#### [What to do]
Print the records below word for word, beginning with the first line and ending once the line containing "Michael Kors padded" is printed.

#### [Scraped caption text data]
- - - -
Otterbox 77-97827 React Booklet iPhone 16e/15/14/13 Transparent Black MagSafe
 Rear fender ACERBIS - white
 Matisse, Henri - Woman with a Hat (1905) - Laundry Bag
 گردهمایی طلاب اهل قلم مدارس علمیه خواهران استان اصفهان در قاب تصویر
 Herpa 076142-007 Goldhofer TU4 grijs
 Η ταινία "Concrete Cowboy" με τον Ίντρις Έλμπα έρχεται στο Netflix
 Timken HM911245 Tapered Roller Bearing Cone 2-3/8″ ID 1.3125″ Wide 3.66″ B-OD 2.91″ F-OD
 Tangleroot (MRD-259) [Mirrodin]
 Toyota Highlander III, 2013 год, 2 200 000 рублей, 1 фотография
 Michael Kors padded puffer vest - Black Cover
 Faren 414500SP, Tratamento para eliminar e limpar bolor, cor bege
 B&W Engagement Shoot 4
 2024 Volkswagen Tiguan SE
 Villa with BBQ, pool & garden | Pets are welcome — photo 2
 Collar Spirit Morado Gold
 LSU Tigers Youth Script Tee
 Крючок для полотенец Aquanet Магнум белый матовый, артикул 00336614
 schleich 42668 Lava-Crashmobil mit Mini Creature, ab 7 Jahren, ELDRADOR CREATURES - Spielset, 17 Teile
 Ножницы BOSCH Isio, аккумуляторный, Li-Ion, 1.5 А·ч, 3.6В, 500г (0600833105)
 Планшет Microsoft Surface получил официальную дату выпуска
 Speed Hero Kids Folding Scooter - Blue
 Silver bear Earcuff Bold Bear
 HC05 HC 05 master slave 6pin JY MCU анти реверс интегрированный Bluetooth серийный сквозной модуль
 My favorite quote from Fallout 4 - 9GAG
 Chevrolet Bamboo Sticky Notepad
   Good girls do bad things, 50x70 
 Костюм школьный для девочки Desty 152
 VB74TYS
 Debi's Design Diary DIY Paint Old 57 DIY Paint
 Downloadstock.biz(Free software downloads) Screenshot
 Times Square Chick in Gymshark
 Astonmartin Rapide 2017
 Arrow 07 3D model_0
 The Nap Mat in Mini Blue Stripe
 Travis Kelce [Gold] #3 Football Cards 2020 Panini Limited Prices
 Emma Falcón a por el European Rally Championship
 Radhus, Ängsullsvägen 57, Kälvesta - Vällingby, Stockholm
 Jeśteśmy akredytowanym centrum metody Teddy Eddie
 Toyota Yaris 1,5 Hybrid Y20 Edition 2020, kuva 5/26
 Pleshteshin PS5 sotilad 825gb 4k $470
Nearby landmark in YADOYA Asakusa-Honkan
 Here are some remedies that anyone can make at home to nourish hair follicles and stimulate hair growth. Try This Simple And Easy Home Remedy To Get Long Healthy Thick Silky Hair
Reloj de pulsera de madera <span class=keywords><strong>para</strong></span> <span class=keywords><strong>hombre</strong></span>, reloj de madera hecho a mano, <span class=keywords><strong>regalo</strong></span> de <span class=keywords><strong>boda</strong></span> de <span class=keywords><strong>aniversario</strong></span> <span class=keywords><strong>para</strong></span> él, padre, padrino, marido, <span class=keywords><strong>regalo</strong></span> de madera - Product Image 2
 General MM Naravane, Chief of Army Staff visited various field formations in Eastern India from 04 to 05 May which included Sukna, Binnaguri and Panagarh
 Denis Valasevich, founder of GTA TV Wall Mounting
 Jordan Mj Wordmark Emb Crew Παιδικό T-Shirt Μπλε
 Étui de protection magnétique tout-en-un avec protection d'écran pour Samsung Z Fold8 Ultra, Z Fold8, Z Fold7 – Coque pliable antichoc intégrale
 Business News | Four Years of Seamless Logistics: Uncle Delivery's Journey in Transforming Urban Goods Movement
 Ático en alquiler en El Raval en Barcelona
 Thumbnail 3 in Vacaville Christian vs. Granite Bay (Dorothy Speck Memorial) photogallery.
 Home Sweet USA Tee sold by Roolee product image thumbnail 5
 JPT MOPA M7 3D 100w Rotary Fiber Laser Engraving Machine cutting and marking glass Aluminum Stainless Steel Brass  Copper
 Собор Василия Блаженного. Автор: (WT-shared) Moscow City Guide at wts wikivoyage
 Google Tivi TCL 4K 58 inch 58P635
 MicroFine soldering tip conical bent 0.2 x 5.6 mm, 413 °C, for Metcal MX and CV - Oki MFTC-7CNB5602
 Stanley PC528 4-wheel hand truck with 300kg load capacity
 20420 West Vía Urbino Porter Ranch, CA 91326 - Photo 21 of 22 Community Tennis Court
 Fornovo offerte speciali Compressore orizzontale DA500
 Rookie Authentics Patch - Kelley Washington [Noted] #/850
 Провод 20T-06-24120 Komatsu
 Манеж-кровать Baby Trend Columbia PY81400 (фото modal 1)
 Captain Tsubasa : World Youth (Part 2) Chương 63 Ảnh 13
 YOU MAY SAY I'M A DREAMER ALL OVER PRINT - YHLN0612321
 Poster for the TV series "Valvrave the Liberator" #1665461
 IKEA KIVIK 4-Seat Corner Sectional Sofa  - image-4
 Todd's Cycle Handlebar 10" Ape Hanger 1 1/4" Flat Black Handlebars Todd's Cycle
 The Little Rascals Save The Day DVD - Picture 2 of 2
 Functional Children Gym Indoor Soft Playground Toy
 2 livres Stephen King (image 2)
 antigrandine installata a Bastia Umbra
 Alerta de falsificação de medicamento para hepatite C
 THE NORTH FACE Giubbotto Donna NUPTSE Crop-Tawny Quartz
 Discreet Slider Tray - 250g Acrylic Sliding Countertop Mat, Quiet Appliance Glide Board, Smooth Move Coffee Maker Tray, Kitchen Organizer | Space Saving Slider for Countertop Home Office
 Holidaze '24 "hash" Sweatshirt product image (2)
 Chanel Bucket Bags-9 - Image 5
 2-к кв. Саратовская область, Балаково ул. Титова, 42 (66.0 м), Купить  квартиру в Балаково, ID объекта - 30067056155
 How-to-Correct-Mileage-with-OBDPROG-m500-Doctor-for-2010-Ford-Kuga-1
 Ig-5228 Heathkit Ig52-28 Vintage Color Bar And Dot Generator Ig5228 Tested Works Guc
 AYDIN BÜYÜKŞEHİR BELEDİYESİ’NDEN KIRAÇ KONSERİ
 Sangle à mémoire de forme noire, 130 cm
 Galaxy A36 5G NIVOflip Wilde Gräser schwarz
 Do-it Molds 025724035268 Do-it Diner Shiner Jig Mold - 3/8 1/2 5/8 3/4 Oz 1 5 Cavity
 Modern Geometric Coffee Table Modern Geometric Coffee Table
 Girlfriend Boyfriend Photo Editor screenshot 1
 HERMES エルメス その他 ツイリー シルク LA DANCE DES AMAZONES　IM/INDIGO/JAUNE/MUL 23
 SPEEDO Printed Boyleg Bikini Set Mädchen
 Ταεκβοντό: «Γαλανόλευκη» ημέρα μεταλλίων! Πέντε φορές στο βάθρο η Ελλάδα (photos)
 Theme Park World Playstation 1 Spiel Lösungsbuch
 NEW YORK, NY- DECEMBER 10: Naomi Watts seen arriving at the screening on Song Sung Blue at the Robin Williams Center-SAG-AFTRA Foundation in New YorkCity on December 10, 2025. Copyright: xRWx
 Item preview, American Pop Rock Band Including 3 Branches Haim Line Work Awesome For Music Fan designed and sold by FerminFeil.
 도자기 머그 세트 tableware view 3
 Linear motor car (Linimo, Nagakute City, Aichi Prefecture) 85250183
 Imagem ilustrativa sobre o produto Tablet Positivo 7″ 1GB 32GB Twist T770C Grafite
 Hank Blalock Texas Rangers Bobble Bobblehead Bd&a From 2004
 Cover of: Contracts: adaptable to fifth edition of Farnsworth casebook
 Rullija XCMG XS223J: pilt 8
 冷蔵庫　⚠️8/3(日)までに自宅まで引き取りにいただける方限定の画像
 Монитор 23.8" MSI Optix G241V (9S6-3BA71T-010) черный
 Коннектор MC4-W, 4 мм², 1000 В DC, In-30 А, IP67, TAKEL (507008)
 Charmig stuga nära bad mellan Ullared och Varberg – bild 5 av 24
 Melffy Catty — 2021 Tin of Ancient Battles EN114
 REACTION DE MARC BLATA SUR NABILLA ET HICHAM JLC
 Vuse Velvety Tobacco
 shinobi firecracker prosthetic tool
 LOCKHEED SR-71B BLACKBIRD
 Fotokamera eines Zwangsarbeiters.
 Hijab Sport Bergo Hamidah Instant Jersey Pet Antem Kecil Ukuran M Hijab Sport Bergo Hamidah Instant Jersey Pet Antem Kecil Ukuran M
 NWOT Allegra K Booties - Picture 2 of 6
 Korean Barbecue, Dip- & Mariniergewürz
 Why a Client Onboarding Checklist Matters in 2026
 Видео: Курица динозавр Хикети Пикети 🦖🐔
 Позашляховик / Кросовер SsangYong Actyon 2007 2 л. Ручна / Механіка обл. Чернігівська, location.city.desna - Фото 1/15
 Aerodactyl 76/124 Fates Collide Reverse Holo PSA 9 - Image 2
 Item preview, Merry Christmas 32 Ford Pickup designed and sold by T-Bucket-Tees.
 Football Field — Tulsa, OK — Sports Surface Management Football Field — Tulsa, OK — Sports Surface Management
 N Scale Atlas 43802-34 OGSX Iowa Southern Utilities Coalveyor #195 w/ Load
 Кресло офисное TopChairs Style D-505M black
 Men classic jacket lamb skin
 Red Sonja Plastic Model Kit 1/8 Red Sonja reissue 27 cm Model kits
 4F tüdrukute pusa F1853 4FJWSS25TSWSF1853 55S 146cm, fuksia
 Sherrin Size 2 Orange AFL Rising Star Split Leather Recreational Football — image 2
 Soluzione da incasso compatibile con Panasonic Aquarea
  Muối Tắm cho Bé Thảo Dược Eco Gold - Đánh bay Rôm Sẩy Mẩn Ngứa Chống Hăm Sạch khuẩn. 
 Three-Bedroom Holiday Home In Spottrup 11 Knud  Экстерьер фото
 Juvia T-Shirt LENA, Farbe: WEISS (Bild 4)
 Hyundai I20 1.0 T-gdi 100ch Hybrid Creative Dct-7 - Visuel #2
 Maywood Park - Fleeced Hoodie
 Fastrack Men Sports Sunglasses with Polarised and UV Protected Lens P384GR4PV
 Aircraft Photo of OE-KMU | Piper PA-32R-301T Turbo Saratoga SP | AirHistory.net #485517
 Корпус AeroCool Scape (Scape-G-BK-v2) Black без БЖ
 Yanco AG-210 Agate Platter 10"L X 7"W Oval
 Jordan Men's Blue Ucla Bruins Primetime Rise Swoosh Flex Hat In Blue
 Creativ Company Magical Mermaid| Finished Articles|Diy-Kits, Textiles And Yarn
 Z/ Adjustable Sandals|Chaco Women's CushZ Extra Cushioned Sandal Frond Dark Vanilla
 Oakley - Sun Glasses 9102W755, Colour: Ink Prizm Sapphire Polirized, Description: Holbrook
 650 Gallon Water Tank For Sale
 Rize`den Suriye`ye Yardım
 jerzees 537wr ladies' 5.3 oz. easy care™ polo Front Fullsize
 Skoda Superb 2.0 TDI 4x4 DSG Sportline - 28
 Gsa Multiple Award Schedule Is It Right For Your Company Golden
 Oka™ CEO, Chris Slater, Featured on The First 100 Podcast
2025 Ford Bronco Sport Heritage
- - - -
#### [Response area]
Otterbox 77-97827 React Booklet iPhone 16e/15/14/13 Transparent Black MagSafe
 Rear fender ACERBIS - white
 Matisse, Henri - Woman with a Hat (1905) - Laundry Bag
 گردهمایی طلاب اهل قلم مدارس علمیه خواهران استان اصفهان در قاب تصویر
 Herpa 076142-007 Goldhofer TU4 grijs
 Η ταινία "Concrete Cowboy" με τον Ίντρις Έλμπα έρχεται στο Netflix
 Timken HM911245 Tapered Roller Bearing Cone 2-3/8″ ID 1.3125″ Wide 3.66″ B-OD 2.91″ F-OD
 Tangleroot (MRD-259) [Mirrodin]
 Toyota Highlander III, 2013 год, 2 200 000 рублей, 1 фотография
 Michael Kors padded puffer vest - Black Cover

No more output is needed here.